What exactly does it mean to be like Christ? To grow in Christlikeness? Who causes it and how does it happen? What exactly is it we turn into if we are transformed? Jesus didn't set up an impossible life we have to live. He invited us into his life so we could share in his righteousness, holiness, and his trust in the Father - the one thing we resemble the least about Christ. It's God's work!
The LARK BLOGCAST is a written exploration of God’s scandalous grace read aloud for those who don't have time or don't like to read. Listen in and be encouraged as you go. Read at larksite.com/blog. Join the conversation by emailing howdy@larksite.com.
Read the blog that this episode read aloud at www.larksite.com/blog/how-to-grow-in-christlikeness or read below:
HOW TO GROW IN CHRISTLIKENESS
By Jameson Allen
One of the most incredible ideas in the Bible is that people are created to be like God. In the beginning, God made humans in his image, in his likeness. When Jesus was born, God took on the likeness of humans. An ironic reversal: the Maker of humans became a human.
But, as if that's not enough, this God who put on flesh gifted his likeness to humans yet again. Jesus traded in his perfect, sinless nature to become sin. And he gave us his righteousness such that we are transformed and transfigured to be alive in him.
CHRIST MAKES US LIKE CHRIST
We're not like a painting or a statue that lifelessly resembles someone. We are so much a part of the life he has shared with us that we are one with him. The miracle and mystery of the Gospel is that what is true about Jesus is true about you and me. He does not give us a mask to cover our face but fills us with his own life. And he has credited us with his death - we have died - and promised us his resurrection - he will raise us up.
This is the astounding beauty of the Christian doctrine of salvation. But, it is far too easy and far too common for the Church to talk about being like Christ as a goal, job, and strategy. "I just want to be more like you, Jesus." We assume becoming holy (AKA sanctification) is something yet to be done, and that is ours to do. Or we say that behavior and actions must meet specific criteria to validate salvation.
More mature Christians sometimes, even if subtly, look down upon the less mature. Or they allow them to look up to them as somehow more like Christ because of their determination or devotion. The subtlety can be so self-deceiving. The less mature are handed expectations that if they do x, y, and z, they will be more like Christ. Or worse, if they don't do x, y, and z, their very faith is in question. What starts as an intent to encourage ends up as a false gospel with an ultimatum.
CHRISTLIKENESS IS A REALITY, NOT A POTENTIALITY
Christlikeness is not a goal that motivates us to improve our behavior. It is not the finish line of a marathon if only we last the entire 26.2 miles. Many of the friends I've been privileged to disciple over the years wrestled deeply with this - as do I. The best I could do was encourage them to step out of the shadow of what they believed God was expecting of them.
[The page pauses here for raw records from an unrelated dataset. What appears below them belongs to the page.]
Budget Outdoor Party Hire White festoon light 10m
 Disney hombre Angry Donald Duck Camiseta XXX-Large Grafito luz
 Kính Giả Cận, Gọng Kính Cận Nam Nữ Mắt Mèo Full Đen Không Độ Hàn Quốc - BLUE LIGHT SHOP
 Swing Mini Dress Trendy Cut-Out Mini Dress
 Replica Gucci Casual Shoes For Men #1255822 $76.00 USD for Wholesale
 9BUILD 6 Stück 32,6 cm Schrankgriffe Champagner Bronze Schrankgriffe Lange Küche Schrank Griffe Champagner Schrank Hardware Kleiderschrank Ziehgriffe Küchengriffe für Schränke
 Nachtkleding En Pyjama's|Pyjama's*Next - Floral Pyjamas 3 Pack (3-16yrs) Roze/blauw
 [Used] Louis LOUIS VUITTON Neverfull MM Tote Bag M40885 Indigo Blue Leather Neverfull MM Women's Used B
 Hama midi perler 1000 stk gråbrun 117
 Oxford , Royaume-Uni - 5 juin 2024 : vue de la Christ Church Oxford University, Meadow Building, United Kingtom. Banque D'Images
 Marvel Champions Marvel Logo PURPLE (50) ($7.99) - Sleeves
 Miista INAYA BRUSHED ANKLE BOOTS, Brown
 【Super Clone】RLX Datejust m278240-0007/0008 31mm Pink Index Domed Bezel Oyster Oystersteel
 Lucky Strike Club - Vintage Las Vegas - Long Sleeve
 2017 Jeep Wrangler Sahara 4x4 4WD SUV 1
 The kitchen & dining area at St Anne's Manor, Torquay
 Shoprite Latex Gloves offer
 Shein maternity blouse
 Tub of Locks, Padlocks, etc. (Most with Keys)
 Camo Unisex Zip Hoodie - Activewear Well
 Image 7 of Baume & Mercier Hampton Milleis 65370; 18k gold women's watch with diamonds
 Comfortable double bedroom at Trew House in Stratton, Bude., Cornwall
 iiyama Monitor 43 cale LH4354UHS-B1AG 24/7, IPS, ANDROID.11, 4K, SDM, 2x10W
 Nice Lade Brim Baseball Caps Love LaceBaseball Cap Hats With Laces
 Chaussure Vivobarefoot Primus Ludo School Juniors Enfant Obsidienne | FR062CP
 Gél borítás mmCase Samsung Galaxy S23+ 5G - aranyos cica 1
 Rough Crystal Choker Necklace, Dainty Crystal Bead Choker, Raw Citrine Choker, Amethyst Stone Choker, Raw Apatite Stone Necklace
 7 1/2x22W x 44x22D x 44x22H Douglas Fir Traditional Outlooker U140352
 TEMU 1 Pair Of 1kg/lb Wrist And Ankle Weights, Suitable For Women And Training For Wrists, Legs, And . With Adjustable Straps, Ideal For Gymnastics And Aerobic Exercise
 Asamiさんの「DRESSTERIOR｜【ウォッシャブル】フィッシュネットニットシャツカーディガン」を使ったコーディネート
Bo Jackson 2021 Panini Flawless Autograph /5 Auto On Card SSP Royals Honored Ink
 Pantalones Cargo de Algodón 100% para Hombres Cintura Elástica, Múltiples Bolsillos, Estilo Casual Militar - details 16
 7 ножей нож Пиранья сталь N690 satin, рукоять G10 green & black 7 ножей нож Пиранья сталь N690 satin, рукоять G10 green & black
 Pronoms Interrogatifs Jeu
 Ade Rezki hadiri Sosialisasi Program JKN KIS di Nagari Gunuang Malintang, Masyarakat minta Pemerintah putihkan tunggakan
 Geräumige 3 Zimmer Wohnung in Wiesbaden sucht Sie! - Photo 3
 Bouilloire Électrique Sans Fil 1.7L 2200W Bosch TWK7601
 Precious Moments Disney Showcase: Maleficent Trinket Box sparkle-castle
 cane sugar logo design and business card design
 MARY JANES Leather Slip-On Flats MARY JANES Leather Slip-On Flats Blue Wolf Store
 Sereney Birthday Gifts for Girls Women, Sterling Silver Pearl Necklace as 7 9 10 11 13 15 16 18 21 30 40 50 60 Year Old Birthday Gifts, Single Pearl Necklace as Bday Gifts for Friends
To question whose expectations they were exhausted by.
There really does seem to be a widespread issue here: people everywhere live under moralism's influence. We point reactively to the Scriptures about imitating Christ. We insist that people who believe in Jesus really live like it (for example, John 13:15, 1 Cor. 11:1, Phil. 2:5, 1 Thess. 1:6, 1 John 2:6). And we expect them to progressively look more and more like Jesus. After all, what will attract unbelievers to Jesus better than our striving to be like him?
While I heartily acknowledge that Christlikeness is a significant biblical theme, I think we rarely get it right. Don't miss this: I've seen far more people trying to hide their shame about how not like Christ they are than people who live in uninhibited celebration of the life Christ has shared with them. Or they compare themselves to the less holy instead of eagerly celebrating scandalous grace with those who didn't earn it and still don't deserve it.
GETTING HONEST ABOUT BEING LIKE CHRIST
Why is this the narrative of the modern Church? Why can't we admit we're obsessed with becoming more Christlike instead of with the likeness Christ gives us (remember the tree of the knowledge of good and evil?)? Why do we resist acknowledging that most of the world isn't looking for Christ in the Church anymore? That what the world finds in the Church is rarely the unadulterated proclamation of the finished work of Jesus?
The only thing less Christlike than insisting others become more Christlike is imagining you are more Christlike than them. Or anyone, for that matter. To really talk about Christlikeness, we need to look more closely at what Christ is really like. The Jesus we see in the New Testament didn't ask us to attend more services, give more money, make the world more holy, or read our bibles more often.
Jesus asked us to believe in him, to join him in his trust of his Father, and to spread the word. Jesus came to break our false security in a life of making God happy because God is already as delighted in us as he is in his own Son. So, Christlikeness is not an endeavor for you to see through; it is the gift of God he promised to see through. Let us, with Paul, regard everything we have made of ourselves as loss because of the surpassing value of knowing Christ Jesus (Phil. 3:8).